I'd do it in epoxy or other resin.

Greg


----------



## Homo Habilis (Jul 29, 2011)

Jack:

You may want to review the  > Extra Weight for my Locomotive <  thread from that other site.


----------



## Totalwrecker (Feb 26, 2009)

If you have places to put them wrap them in foil and glue the foil in. 
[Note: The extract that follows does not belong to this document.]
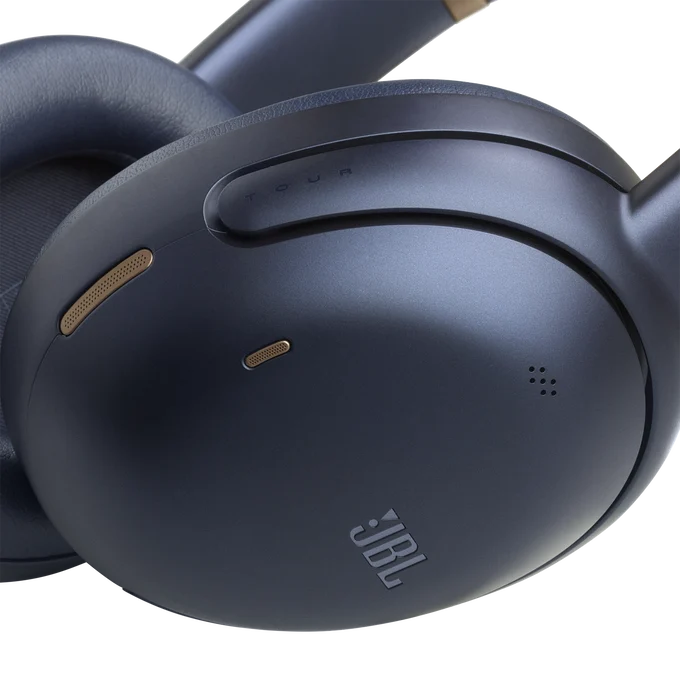 JBL Tour One M3 langattomat vastamelukuulokkeet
I got 20 pounds of bird shot at my manly store, takes less space, 'cause the gaps are smaller.....

John


----------



## East Broad Top (Dec 29, 2007)

I mix it bird shot with Bondo. 










Later,

K


----------



## pete (Jan 2, 2008)

I do not know how much weight you need to add but if you go to a sporting goods store look for the fishing dept and get the largest lead sinkers they have 1 or 2 oz smash them flat with a hammer and use them to add weight. Cheap and easy. Glue them with p6000 glue it can be found at hobby stores.


----------



## Nick Jr (Jan 2, 2008)

I use tire balancing weights, they come in various increments and have a peel and stick adhesive on them already. If the adhesive can hold on a vehicle wheel subject to all weather conditions, should do just as good on trains, even if left out doors.


----------



## JackM (Jul 29, 2008)

Some good ideas here. Since my box cars doors don't always stay closed, I guess I need to make something that looks like a normal box car load. Either box up the BBs or get some used wheel weights. Lightweight double-sided tape is likely to loosen in the summer sun. Nothing like having the load shift and pull the entire train off the track (Jack knows because Jack's done it).

Thanks, HH, for the link elsewhere. It's a good discussion of all this (that, like most forumses devolves into a totally different topic - including photos of a really nice old Corvette, although not a split-window so I wasn't too interested.). 

As always, there is no single right answer. For the box cars I think I'll try to get a bunch of wheel weights, skoosh 'em together as much as possible, then paint them black and get some industrial-strength double-stick tape. It's dark in there anyway. The BBs I'll save for the bottom of the overlight hopper cars. Maybe a little gravel on top to make it look real-er. And skoosh (in a different way) whatever glue I have handy and see what happens. If it falls out, I'll use some other glue to glue the glue in.

JackM


----------



## chuck n (Jan 2, 2008)

Jack,

Rather than gluing BBs into a brick, I would get some small plastic or glass bottles with screw caps, pill or baby food bottles come to mind. With a screw cap it would be easy to adjust the weight and the BBs won't spill out. Silicone caulking could be used to hold the bottles in place. I think that I would center a bottle over each truck. Silicone caulk has the advantage that it holds quite well, but can be peeled off at a later date.

Chuck


----------



## JackM (Jul 29, 2008)

Yeah, actually I like the idea of caulk. The peelability might be handy if I need to change it someday.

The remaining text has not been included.